**** DATA SUPPLIED
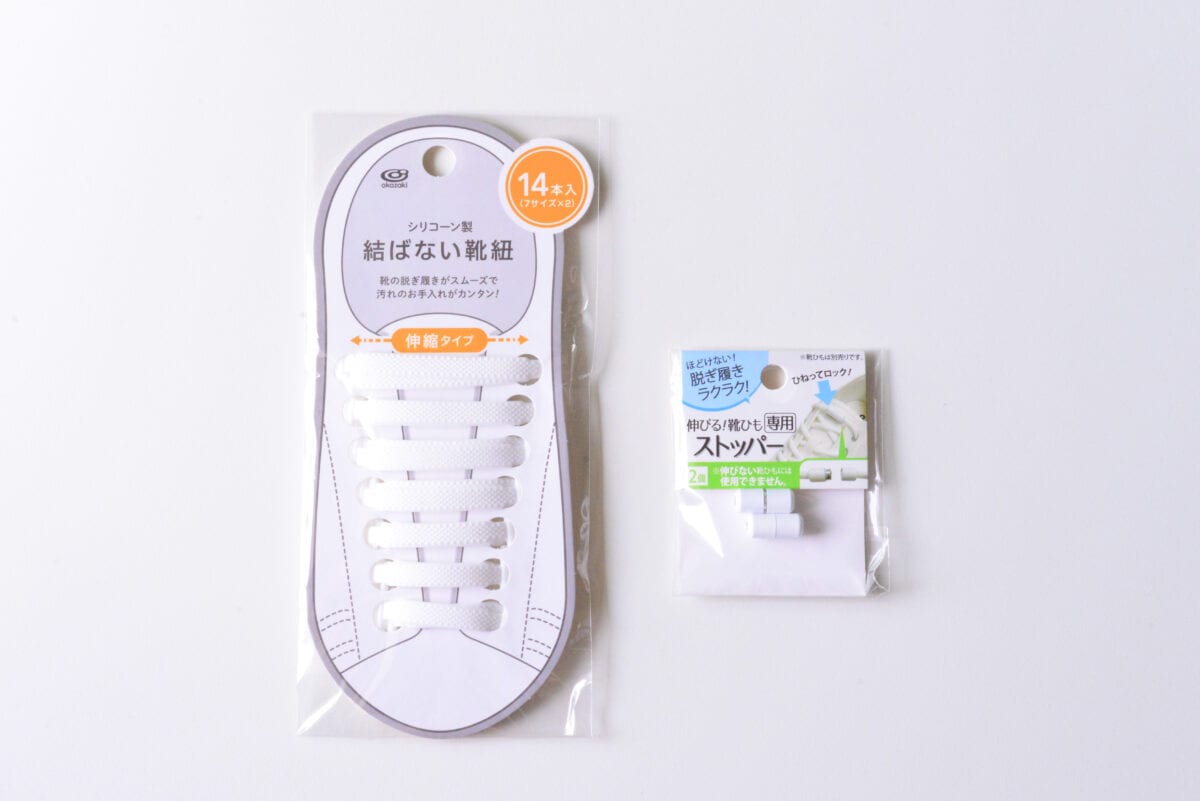 【セリア・ダイソー・キャンドゥ】100均に結ばない靴紐は売っている？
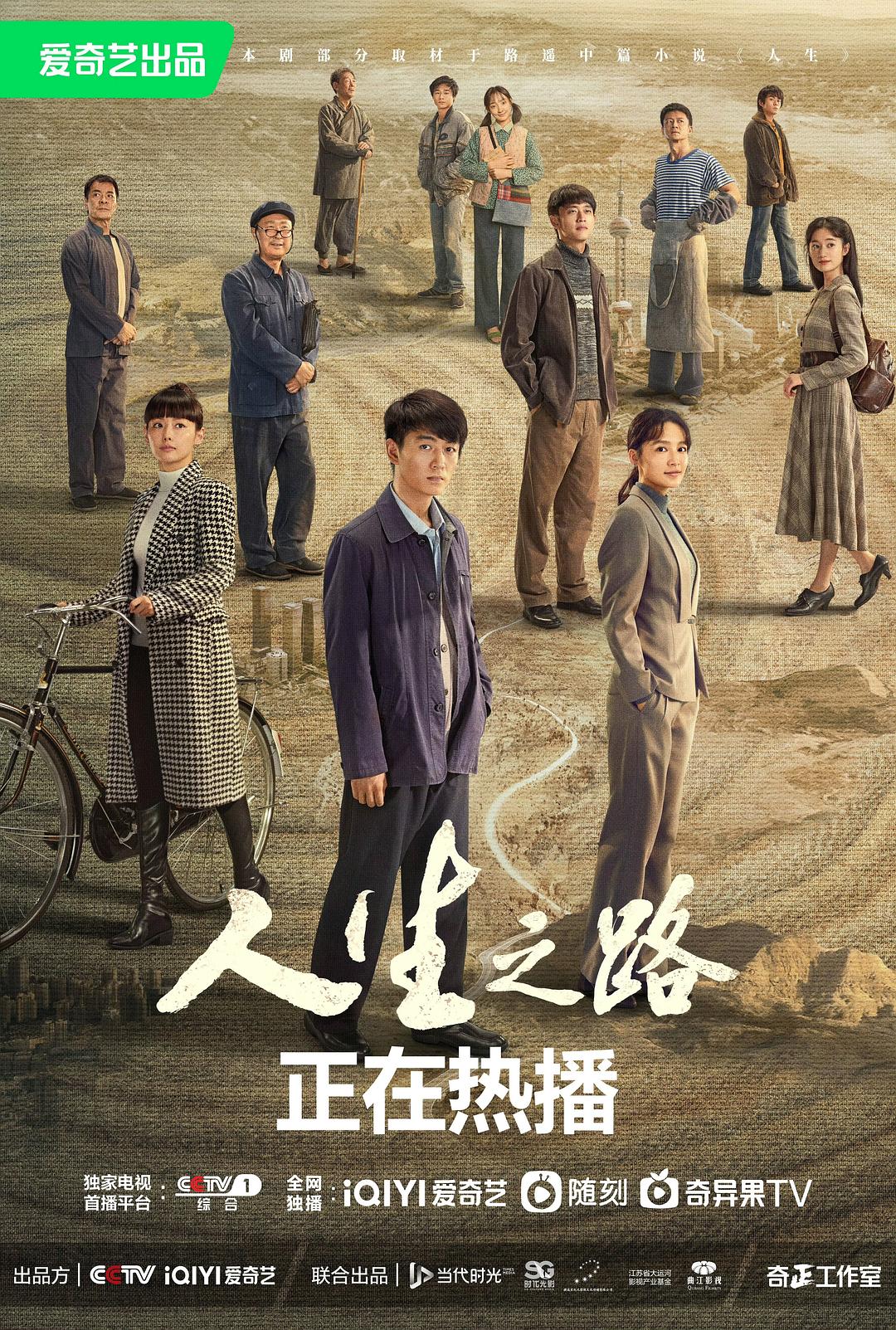 人生路遥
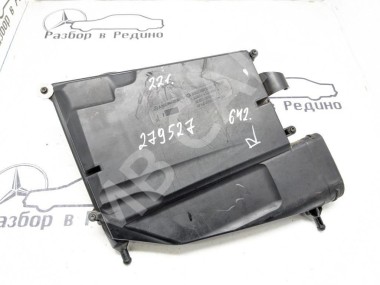 Корпус воздушного фильтра MERCEDES-BENZ S-класс W221 (2005 - 2009) — Разборка Мерседес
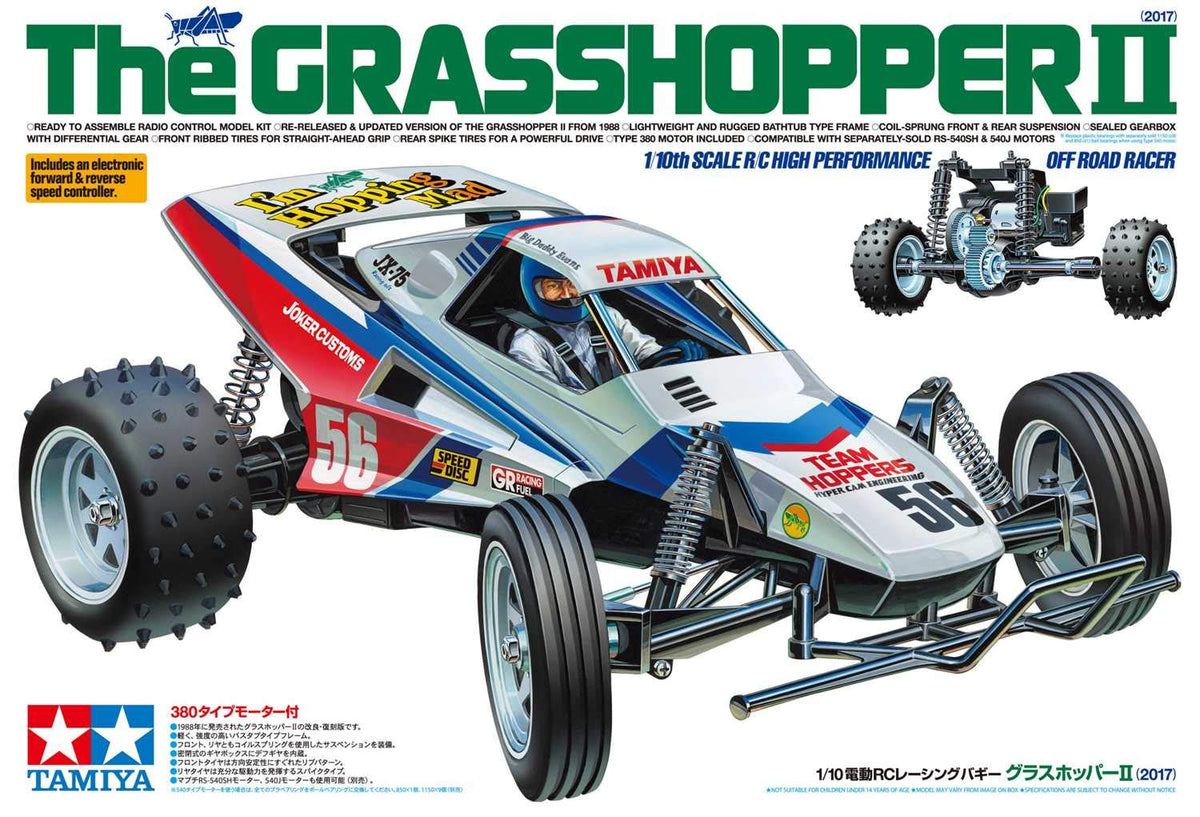Tamiya 58643 2017 Grasshopper II 2WD Kit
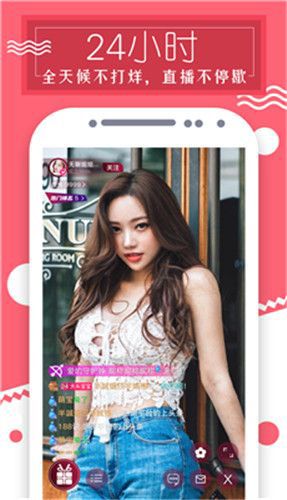 下载抖阴app.成版人抖阴app下载，探索新奇体验的数字世界-第2张图片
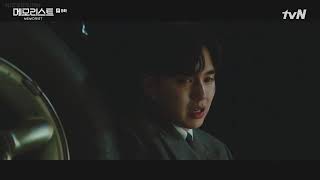 Memorist Episode 8 Eng Sub | Jin Jae Gyu isnt the real culprit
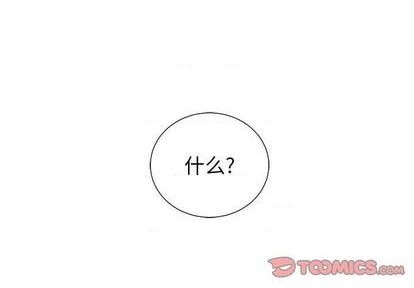 幸運兒和倒黴蛋 - 第53話 - 1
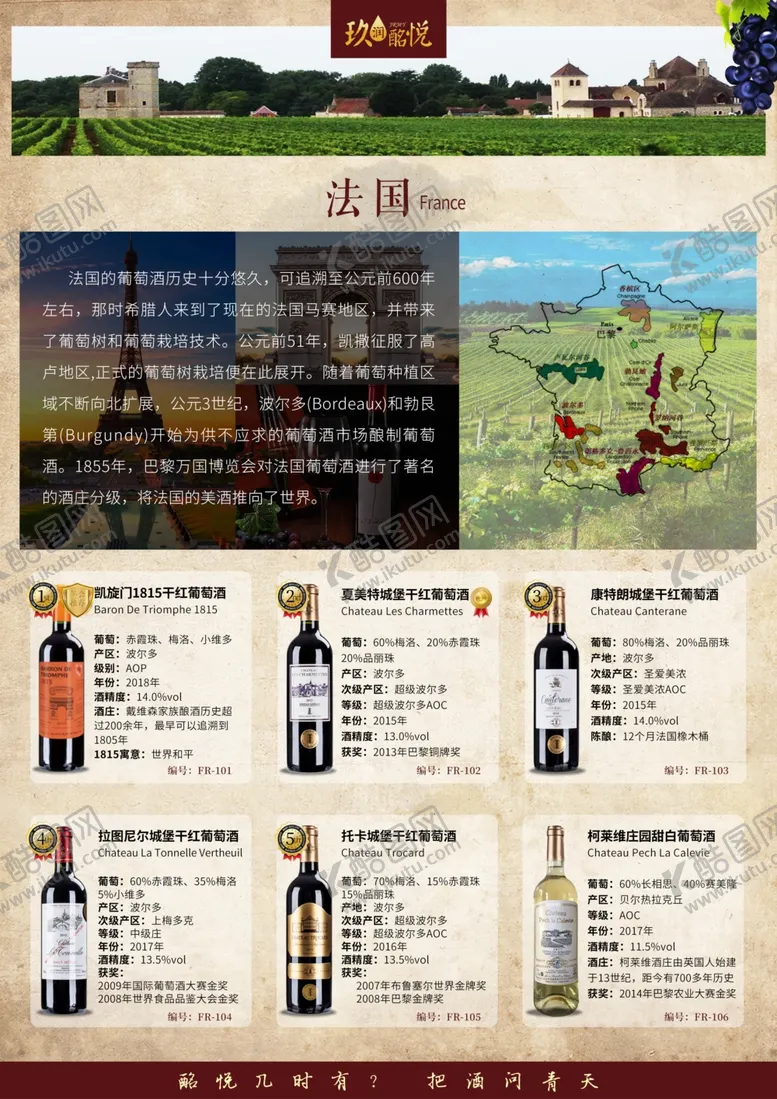 编号：34960807011143415021【酷图网】源文件下载-葡萄酒画册红酒宣传册香槟洋酒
********
ACTIVITY: Print out the entries once more, unchanged. No pictures.

ANSWER TO THE EXERCISE:
 【セリア・ダイソー・キャンドゥ】100均に結ばない靴紐は売っている？
 人生路遥
 Корпус воздушного фильтра MERCEDES-BENZ S-класс W221 (2005 - 2009) — Разборка Мерседес
Tamiya 58643 2017 Grasshopper II 2WD Kit
 下载抖阴app.成版人抖阴app下载，探索新奇体验的数字世界-第2张图片
 Memorist Episode 8 Eng Sub | Jin Jae Gyu isnt the real culprit
 幸運兒和倒黴蛋 - 第53話 - 1
 编号：34960807011143415021【酷图网】源文件下载-葡萄酒画册红酒宣传册香槟洋酒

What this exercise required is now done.